Your task:
Below are records with pictures; copy word for word only the lines between the line with "Glowing Swastika Symbol" and the line with "Váy babydoll Đầm", inclusive, and drop the pictures.

Material supplied:
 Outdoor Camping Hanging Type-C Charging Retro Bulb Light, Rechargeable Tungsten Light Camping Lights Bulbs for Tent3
...
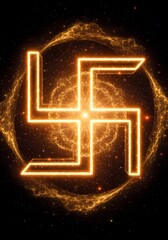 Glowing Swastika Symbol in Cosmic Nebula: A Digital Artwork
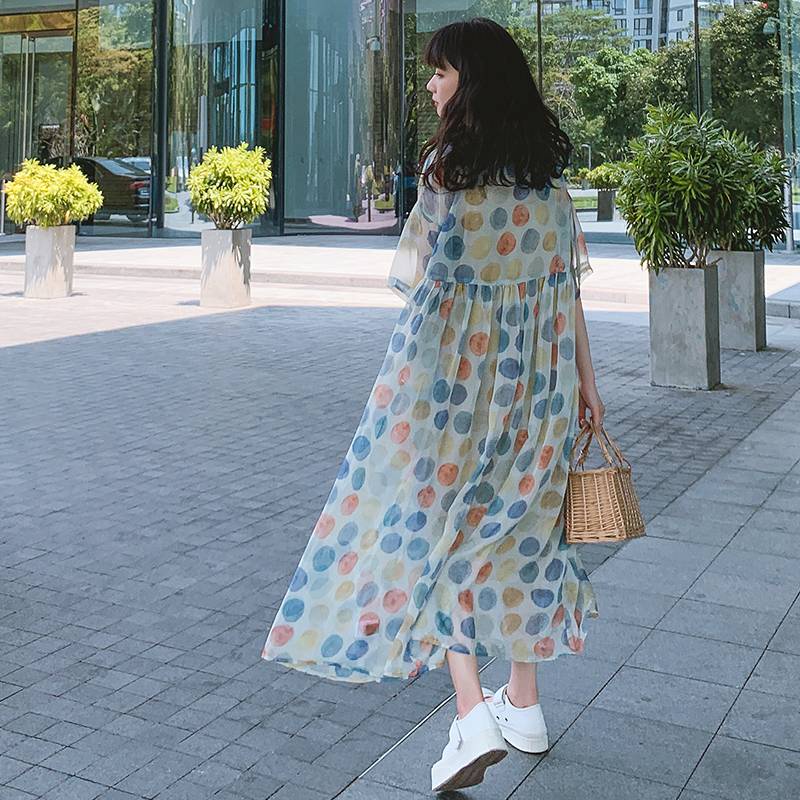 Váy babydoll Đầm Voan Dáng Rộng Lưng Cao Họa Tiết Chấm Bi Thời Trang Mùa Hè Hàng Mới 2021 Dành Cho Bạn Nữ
* * *
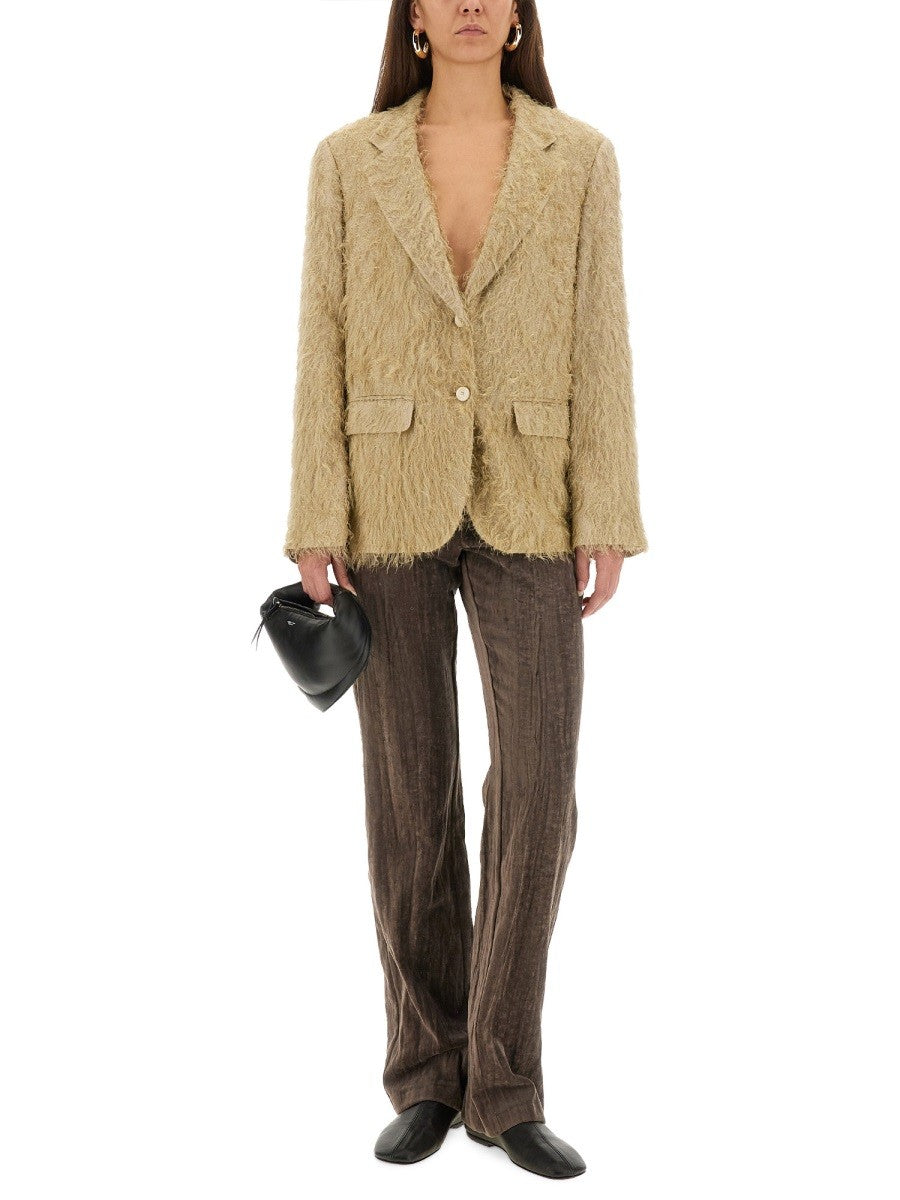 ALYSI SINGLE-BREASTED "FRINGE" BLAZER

Your response:
 Glowing Swastika Symbol in Cosmic Nebula: A Digital Artwork
 Váy babydoll Đầm Voan Dáng Rộng Lưng Cao Họa Tiết Chấm Bi Thời Trang Mùa Hè Hàng Mới 2021 Dành Cho Bạn Nữ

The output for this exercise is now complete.